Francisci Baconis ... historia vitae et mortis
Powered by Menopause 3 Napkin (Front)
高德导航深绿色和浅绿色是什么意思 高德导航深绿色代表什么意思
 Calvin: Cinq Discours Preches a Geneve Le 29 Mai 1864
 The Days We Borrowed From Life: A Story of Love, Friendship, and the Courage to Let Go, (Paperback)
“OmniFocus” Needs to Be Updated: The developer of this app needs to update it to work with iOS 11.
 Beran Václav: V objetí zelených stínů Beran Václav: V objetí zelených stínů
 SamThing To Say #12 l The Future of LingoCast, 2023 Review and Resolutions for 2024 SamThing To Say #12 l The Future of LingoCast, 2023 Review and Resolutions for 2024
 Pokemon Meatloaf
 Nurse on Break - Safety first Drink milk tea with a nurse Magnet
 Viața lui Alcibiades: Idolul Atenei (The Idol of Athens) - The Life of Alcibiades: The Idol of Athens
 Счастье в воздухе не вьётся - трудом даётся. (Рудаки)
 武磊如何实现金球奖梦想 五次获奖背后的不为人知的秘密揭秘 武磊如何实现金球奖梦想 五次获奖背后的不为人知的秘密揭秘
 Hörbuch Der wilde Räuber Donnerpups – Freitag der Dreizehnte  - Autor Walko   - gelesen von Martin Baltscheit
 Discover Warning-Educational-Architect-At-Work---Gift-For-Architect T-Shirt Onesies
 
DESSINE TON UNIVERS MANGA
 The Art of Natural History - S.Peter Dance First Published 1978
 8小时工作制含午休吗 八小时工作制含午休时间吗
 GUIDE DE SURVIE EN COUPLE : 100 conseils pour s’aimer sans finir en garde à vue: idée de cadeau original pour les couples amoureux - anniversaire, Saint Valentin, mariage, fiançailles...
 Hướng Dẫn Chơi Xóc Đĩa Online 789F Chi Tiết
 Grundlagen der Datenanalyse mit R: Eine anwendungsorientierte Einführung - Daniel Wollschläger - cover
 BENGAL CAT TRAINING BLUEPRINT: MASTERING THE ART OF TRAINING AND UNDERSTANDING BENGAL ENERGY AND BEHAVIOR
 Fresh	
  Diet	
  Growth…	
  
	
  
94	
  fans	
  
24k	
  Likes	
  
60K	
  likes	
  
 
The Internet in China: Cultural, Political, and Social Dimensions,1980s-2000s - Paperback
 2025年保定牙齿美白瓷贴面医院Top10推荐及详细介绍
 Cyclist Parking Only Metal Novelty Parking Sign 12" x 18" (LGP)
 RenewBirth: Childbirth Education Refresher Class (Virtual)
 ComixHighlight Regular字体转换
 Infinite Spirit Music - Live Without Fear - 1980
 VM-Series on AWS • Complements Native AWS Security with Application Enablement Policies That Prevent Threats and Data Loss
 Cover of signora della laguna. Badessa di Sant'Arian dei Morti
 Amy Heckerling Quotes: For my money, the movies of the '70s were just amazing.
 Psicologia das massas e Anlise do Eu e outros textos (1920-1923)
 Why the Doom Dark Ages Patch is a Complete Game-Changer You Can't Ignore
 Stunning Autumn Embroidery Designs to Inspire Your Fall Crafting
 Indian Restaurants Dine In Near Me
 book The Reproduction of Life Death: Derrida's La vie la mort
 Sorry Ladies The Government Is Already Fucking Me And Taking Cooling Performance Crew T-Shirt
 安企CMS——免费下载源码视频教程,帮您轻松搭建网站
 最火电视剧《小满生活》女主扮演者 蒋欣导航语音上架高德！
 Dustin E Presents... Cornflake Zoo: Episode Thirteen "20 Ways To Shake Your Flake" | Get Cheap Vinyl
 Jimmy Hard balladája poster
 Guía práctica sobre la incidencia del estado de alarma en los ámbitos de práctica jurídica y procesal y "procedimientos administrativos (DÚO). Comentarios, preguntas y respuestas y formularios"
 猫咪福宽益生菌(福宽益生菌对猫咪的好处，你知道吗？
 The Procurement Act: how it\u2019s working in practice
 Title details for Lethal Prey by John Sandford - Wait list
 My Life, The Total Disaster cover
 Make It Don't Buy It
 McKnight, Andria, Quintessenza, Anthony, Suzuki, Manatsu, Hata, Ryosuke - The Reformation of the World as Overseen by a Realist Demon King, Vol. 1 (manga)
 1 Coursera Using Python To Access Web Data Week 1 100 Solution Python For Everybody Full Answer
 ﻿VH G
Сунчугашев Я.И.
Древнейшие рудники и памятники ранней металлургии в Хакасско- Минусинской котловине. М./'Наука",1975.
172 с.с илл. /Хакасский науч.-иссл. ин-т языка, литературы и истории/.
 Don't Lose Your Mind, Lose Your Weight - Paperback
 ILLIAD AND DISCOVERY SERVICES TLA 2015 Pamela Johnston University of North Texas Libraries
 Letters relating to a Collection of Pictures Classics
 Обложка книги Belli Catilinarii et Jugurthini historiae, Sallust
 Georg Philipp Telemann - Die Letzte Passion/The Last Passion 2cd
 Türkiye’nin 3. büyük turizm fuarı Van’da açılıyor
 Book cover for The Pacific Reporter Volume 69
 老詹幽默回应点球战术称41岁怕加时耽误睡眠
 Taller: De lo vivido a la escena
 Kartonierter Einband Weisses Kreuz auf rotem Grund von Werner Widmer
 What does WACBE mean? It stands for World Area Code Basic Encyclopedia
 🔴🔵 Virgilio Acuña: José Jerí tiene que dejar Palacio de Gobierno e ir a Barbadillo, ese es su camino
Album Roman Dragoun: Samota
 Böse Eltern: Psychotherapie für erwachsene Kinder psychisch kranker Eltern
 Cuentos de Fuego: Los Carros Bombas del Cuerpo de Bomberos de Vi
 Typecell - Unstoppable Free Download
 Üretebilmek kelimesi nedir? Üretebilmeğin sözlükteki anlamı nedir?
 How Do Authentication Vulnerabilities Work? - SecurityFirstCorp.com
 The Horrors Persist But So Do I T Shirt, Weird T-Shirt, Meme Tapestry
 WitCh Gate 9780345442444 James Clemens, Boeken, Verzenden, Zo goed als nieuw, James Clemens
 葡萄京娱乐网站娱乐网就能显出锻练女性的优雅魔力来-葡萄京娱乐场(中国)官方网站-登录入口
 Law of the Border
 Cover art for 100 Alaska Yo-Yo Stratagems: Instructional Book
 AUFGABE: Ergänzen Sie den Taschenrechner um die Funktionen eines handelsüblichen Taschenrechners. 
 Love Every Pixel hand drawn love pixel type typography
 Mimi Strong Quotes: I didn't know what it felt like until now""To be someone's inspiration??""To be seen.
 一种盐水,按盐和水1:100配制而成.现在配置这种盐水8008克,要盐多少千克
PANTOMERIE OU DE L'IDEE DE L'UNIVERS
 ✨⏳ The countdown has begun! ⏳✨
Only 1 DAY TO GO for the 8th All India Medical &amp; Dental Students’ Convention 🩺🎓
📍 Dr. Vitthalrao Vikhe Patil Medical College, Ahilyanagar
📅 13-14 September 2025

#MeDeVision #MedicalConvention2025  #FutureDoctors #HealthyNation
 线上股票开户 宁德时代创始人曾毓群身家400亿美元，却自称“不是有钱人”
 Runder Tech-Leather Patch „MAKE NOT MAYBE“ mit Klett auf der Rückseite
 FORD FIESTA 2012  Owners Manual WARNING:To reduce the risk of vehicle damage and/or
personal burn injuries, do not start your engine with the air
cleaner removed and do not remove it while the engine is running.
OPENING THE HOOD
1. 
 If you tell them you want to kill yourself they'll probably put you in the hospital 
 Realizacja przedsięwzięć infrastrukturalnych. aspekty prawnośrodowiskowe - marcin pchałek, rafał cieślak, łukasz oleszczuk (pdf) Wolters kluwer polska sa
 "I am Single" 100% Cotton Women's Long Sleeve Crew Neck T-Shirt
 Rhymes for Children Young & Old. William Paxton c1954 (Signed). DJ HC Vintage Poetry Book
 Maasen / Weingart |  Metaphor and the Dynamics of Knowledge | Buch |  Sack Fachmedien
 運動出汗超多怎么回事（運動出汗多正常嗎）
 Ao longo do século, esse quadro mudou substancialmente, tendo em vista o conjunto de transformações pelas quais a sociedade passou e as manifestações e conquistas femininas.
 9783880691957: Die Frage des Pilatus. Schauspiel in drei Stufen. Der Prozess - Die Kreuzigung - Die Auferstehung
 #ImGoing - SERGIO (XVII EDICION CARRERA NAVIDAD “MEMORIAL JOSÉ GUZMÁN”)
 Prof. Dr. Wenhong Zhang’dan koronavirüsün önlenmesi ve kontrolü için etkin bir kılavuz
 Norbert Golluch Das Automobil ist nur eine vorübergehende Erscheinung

══════════

Required work —
All that belongs in your answer is the stretch of entries above from the line with "My Life, The Total Disaster cover" through the line with "Древнейшие рудники и", printed exactly.

Expected answer —
 My Life, The Total Disaster cover
 Make It Don't Buy It
 McKnight, Andria, Quintessenza, Anthony, Suzuki, Manatsu, Hata, Ryosuke - The Reformation of the World as Overseen by a Realist Demon King, Vol. 1 (manga)
 1 Coursera Using Python To Access Web Data Week 1 100 Solution Python For Everybody Full Answer
 ﻿VH G
Сунчугашев Я.И.
Древнейшие рудники и памятники ранней металлургии в Хакасско- Минусинской котловине. М./'Наука",1975.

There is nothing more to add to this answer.